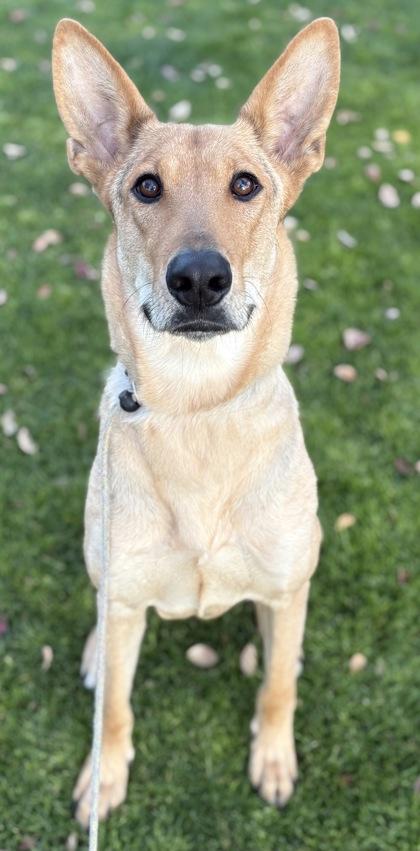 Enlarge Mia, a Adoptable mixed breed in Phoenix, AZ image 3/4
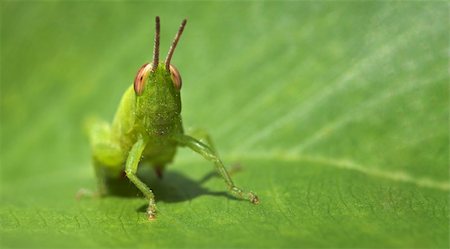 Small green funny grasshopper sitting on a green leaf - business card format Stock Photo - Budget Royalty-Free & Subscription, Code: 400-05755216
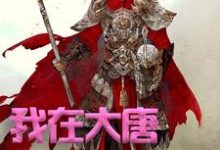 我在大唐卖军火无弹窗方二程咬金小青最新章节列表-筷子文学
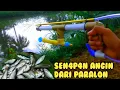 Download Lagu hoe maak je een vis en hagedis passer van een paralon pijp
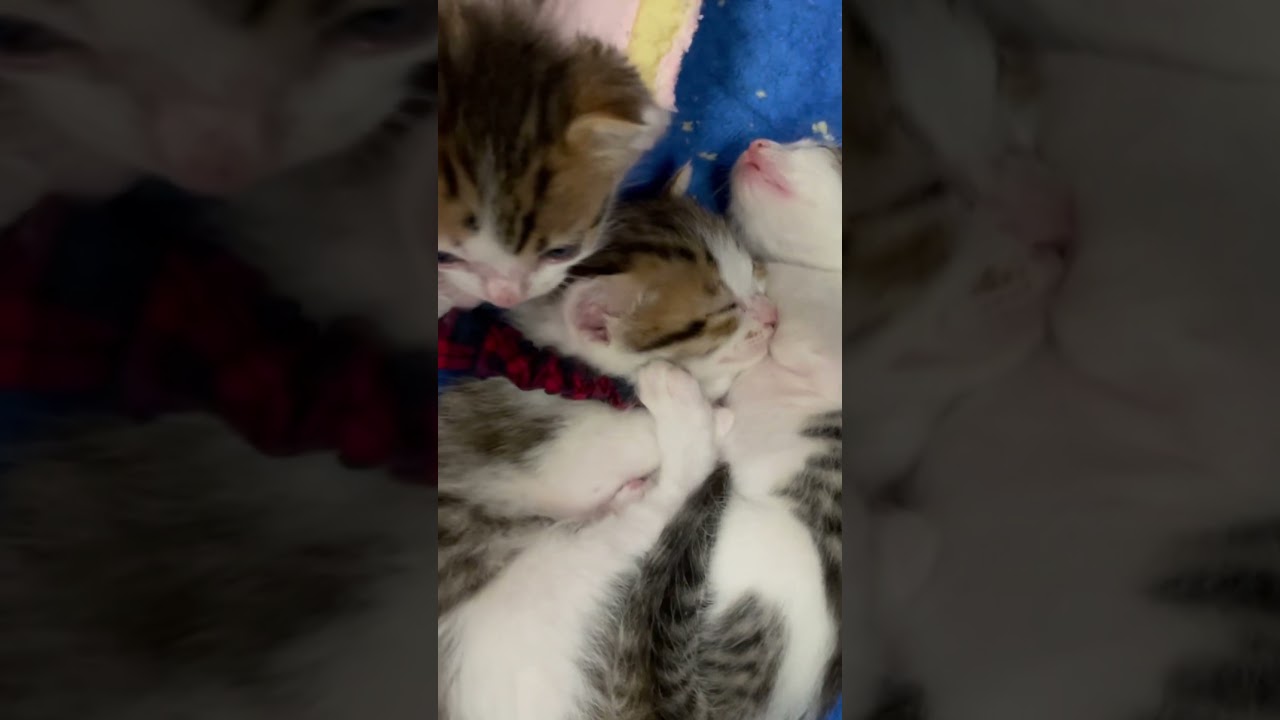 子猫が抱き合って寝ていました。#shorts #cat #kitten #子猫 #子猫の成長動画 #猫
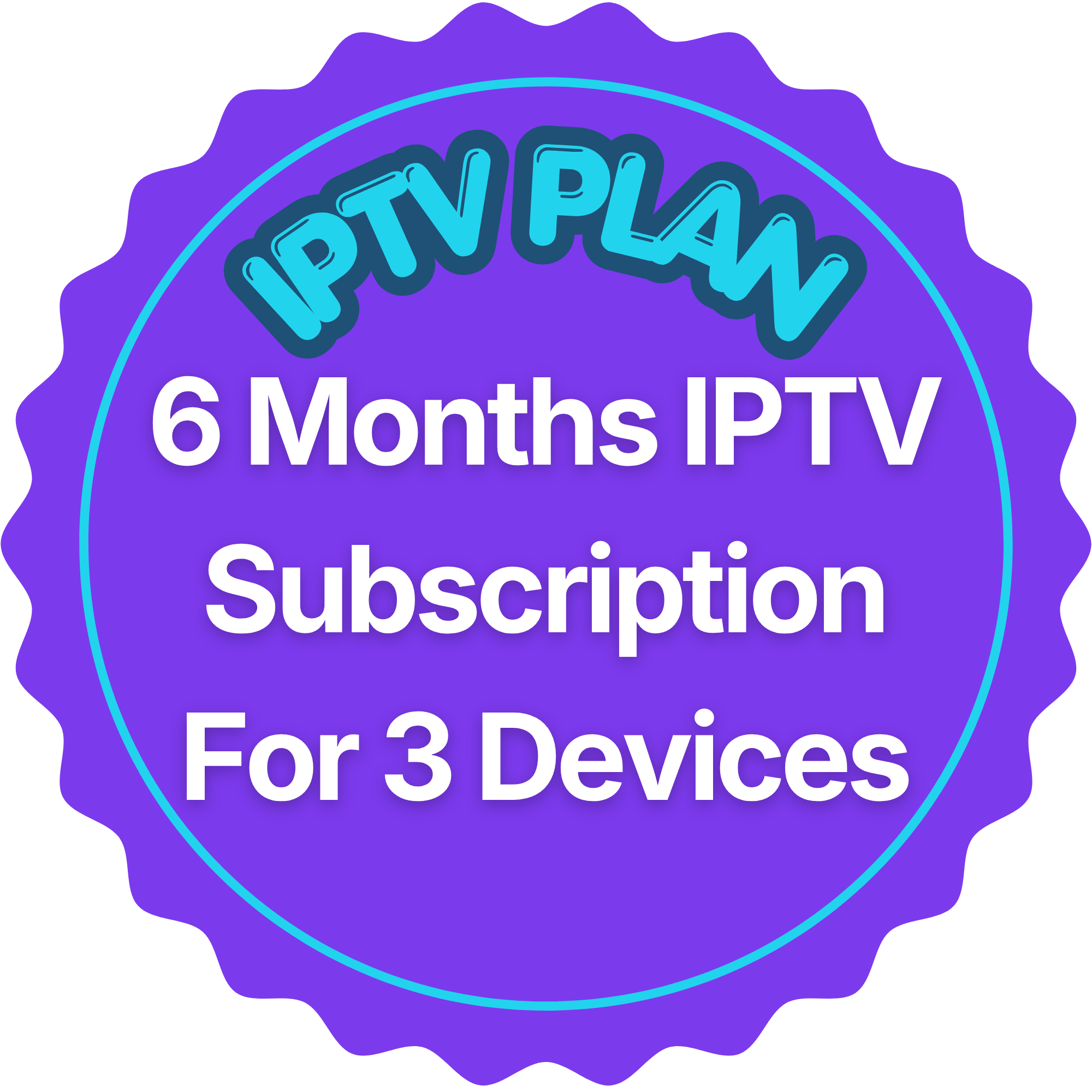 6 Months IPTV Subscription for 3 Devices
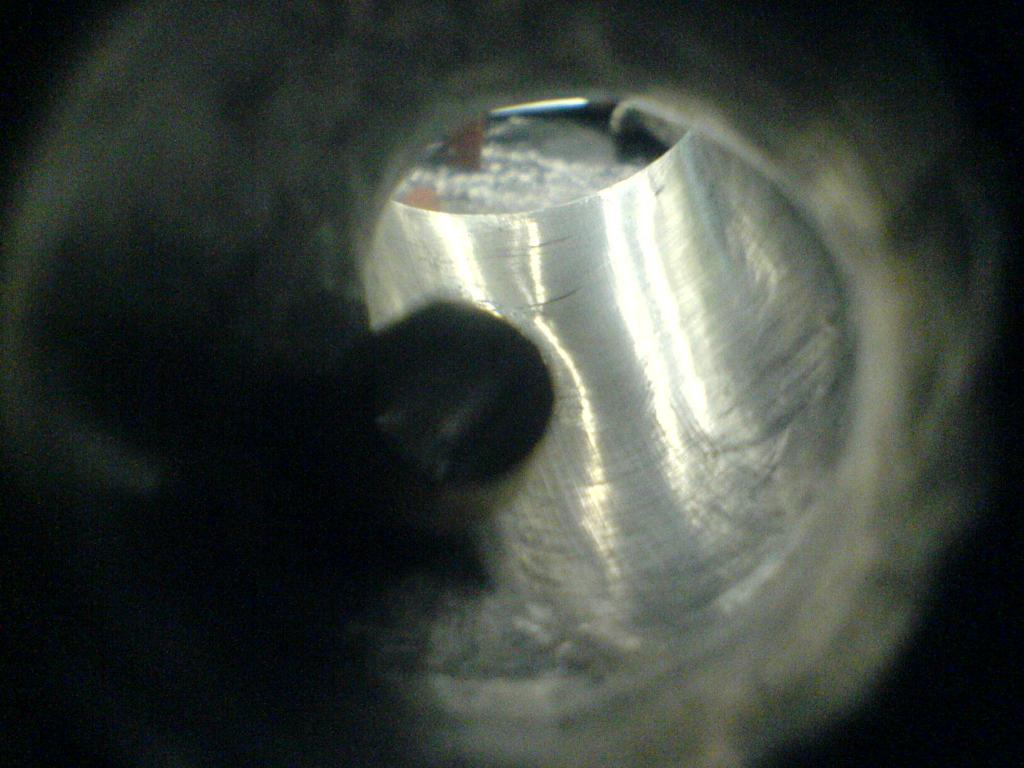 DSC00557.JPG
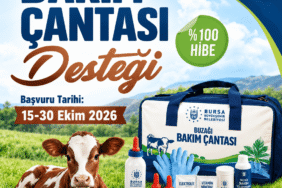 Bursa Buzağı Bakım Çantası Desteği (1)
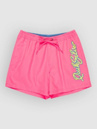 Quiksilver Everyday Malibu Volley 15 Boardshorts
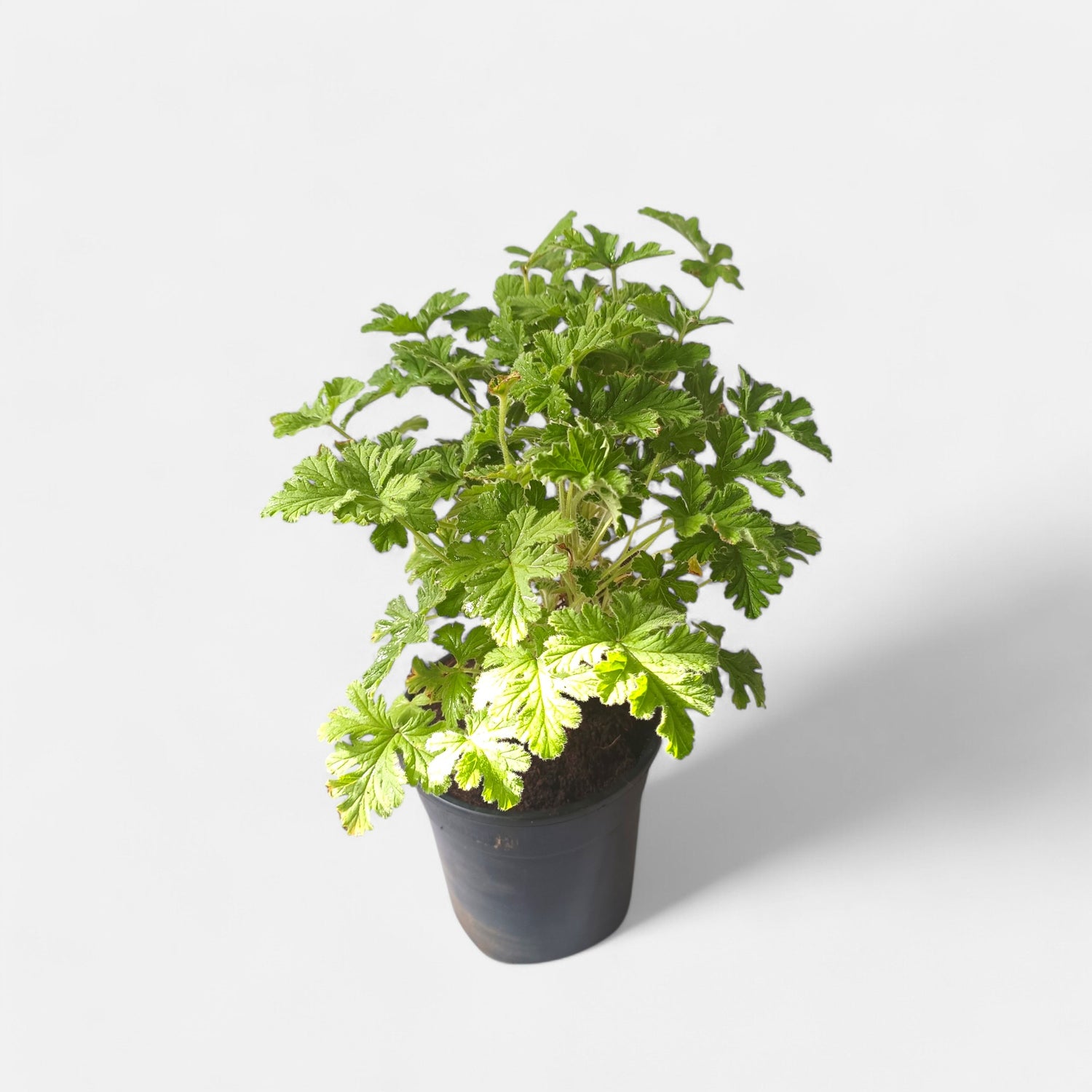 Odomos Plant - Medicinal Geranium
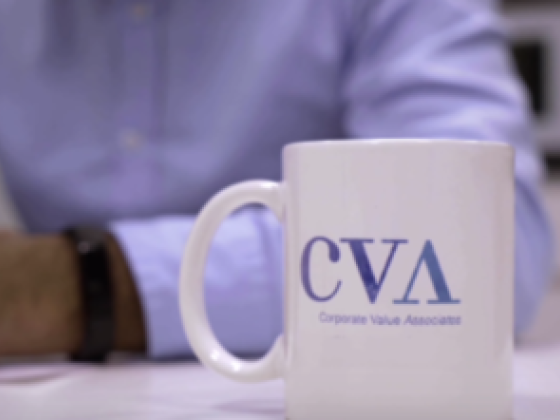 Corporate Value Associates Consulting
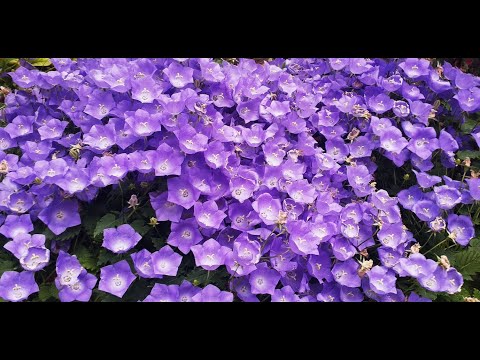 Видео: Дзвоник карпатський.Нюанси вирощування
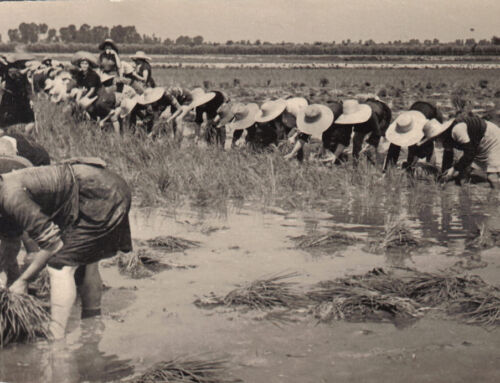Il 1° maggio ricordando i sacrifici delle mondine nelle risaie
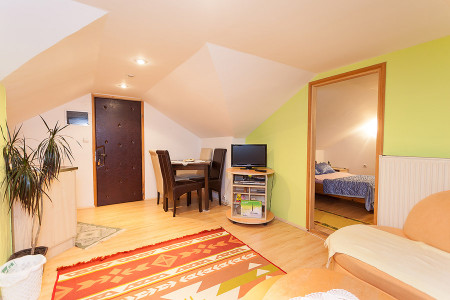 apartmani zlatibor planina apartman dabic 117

━━━━━━━━━━

### REQUIRED ACTION
The answer must be an exact copy of the lines above, from the start of the records through the line with "DSC00557.JPG", and of nothing else; no pictures belong in it.

### WRITTEN RESPONSE
 Enlarge Mia, a Adoptable mixed breed in Phoenix, AZ image 3/4
 Small green funny grasshopper sitting on a green leaf - business card format Stock Photo - Budget Royalty-Free & Subscription, Code: 400-05755216
 我在大唐卖军火无弹窗方二程咬金小青最新章节列表-筷子文学
 Download Lagu hoe maak je een vis en hagedis passer van een paralon pijp
 子猫が抱き合って寝ていました。#shorts #cat #kitten #子猫 #子猫の成長動画 #猫
 6 Months IPTV Subscription for 3 Devices
 DSC00557.JPG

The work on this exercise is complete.